The way that I think about it is, when clients walk into my office, I know what it's like. I know what is at stake. I know that it matters for clients when they meet an attorney that looks like them, that speaks their language. I didn't want to be an immigration attorney, but that's why I ended up doing it and I love it. I believe I am in the right field of law. I just resisted a little bit.

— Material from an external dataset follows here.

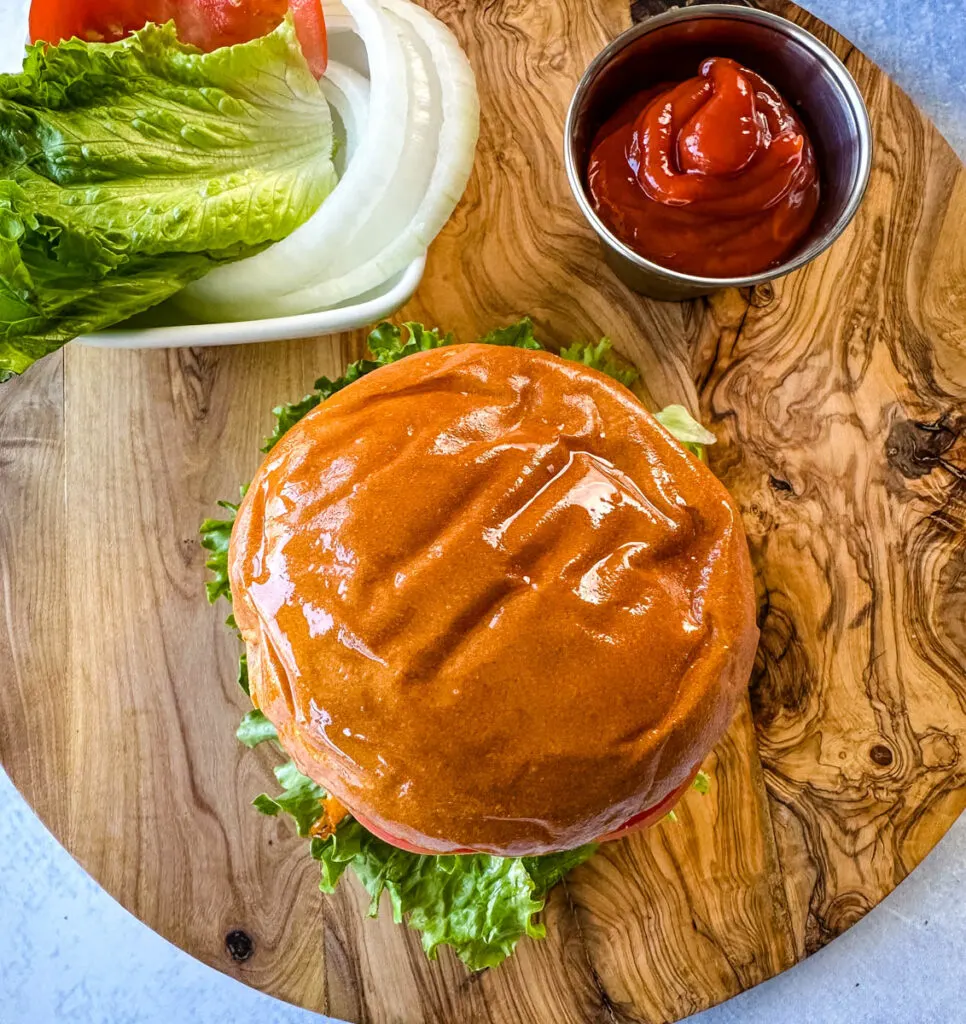 Traeger smoked burger on a bun with cheese, lettuce, tomato, and onions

One day many years ago, I was representing a client and was sitting with her, her mom and her little sister in the immigration court waiting for their hearing. She was right about the same age as me when I came to the U.S., and she said, “Oh, so you're born here [in the U.S.]” I said, “No, I’m just like you. I came to the US undocumented and just like you, I had to go through the system.” She was really surprised. I think she was able to see herself in my story.

UW Law: Tell us more about that personal story.

GOM: I'm the first woman in my family to graduate from junior high. My mom just finished elementary school. I'm proud to say that after me, my sister and my [female] cousins graduated high school, and even went to college too. Because my mother had come to the United States to work to support my brother and me, she left us in Mexico under the care of my aunt and uncle. They became my parents. I was the only girl in the family for a long time. Most of my family believed that women shouldn't go to school. We have a specific role to be homemakers, but my dad always focused on my education. That was the only responsibility I had when living with them. He never said, “Oh, because you're a girl, you're not going to go to college, or you should not focus on school.” Instead, he planted the seed in me to focus on education.

In contrast, I remember that when I graduated high school, my aunt, uncle and my stepdad sat me down and said, “You should not go to school. You should not waste your time. You’re going to get married and it’s all going to be thrown away. You won’t use your education.” That's where my stubbornness comes in. I was like, “Just because you’re saying that — I will go to college.”

UW Law: When you look back at this past year, what are some of the things that you feel most proud of?

GOM: The most important part of my job is empowering students, helping students navigate the things that I had to navigate alone when I was in law school. For example, a 3L Latina student came to me because she’s interested in doing a fellowship to work in an immigration nonprofit. She was offered a job by a nonprofit she did not believe in, but she felt that she had to take that job and that it was her only option. I told her she didn’t have to take the job. In the immigration arena, in the non-profit world, burnout is a very real concern, and being certain about joining an organization that aligns with your values and belief system is important. I reminded her that she could decline the job and that when she is interviewing, she is also interviewing the employers. It is important for me to empower students to think differently and make decisions about their own careers. It’s not just about what students will do for the employers, but also why students should choose to work there.

UW Law: Is there a Hispanic/Latinx leader who has most inspired you in your life and/or career?

GOM: My dad is definitely the reason I pursued this career. If he had been among everyone who put limitations on what I was capable of, I would have graduated high school and been okay with that. He did a lot for me when I tried to figure out what I was doing. He didn’t say “You should be an attorney,” but he definitely was part of the motivation to keep going.

In terms of famous Latinx people, I admire Che Guevara because he was radicalized by witnessing how poor and Indigenous communities were displaced by capitalist exploitation. I also admire Comandanta Ramona, a feminist in the Zapatista revolutionary movement in Mexico, and the musical group Café Tacvba especially Ruben, the vocalist. They are advocates for immigrant rights and environmental justice.